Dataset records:

☆ ☆ ☆ ☆

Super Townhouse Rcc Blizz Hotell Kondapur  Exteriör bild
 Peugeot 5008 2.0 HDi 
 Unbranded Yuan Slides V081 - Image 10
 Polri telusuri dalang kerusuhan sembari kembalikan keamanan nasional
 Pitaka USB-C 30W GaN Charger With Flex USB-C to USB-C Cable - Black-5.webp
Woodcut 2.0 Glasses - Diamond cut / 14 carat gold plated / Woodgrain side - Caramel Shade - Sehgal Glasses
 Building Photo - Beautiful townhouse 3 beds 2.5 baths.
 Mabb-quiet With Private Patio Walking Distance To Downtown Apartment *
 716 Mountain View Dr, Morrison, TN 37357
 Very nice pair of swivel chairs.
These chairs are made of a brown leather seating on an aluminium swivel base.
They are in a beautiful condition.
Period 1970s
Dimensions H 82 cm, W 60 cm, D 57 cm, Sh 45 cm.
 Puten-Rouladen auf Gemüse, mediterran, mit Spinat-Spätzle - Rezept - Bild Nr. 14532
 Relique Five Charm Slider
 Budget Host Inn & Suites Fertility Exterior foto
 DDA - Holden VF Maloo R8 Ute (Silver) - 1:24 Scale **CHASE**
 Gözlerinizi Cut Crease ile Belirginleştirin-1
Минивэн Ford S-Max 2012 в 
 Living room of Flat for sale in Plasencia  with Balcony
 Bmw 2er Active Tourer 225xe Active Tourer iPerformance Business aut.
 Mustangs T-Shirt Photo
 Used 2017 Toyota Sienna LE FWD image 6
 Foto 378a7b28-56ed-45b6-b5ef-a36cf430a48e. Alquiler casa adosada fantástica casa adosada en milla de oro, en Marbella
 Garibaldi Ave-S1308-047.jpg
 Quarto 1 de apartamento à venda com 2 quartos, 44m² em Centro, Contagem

☆ ☆ ☆ ☆

*EXERCISE DESCRIPTION*: Only lines containing the word "swivel" should appear in the answer, and every such line from the records above must be there.

*THE ANSWER*:
 Very nice pair of swivel chairs.
These chairs are made of a brown leather seating on an aluminium swivel base.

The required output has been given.